When I first heard that comment I took it seriously.  What could be wrong with our environment?  Why couldn't we install the application? 

Not different, because our UAT and Production environments are different than the development environments for a lot of reasons, but wrong.  I searched for something wrong.  Occasionally, I did find something wrong, but as we put more and more applications on to our UAT and Production boxes the number of things that were wrong obviously diminished to the point where their is not a whole heck of a lot that can be wrong.  The differences, however, are still there.  Differences that may prevent the application from installing or working correctly.

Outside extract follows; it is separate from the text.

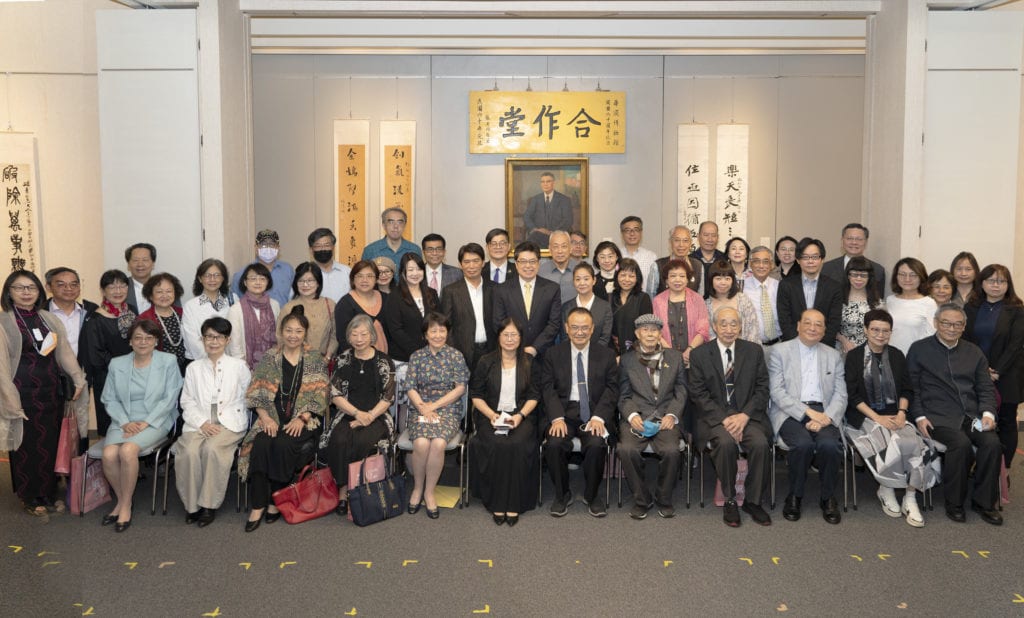 出席華岡博物館館慶的各界貴賓,在「合作堂」前來個大合照,極具意義。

  • clustered environment - we operate in a clustered environment, so never, ever think that this is the only application that is being installed on this server and never, ever think that it is the only instance of your application which is running
  • not a clean environment - the odds are that we've installed your application before - sometimes once or twice before and in some cases a hundred times before - never assume that the environment is "clean" because the odds are that there are remnants of other installs of yours left around
  • multiple installs - never assume that just because there is some manual configuration at the end that needs to be done that it is "no big deal" because in our UAT and Production environments we need to do the installs multiple times so that any manual configuration that needs to be done will be done multiple times, giving us plenty of opportunity to make a mistake

"Mistakes"?  Yes, we sometimes make mistakes when manually configuring an application.  Considering that in the UAT and Production environments we are going to be installing and manually configuring your application seven times or more, once we add more servers, this gives us seven chances to make a mistake.  Combine this with multiple releases to UAT and you've got a wonderful opportunity to introduce an unexpected bug, with the most likely problem being that the manual configuration was not saved on a specific machine.  Have the application self-configure itself where possible: prompt for data and complete the installation itself.

Oh, I forgot, you're only going to UAT and Production once, right?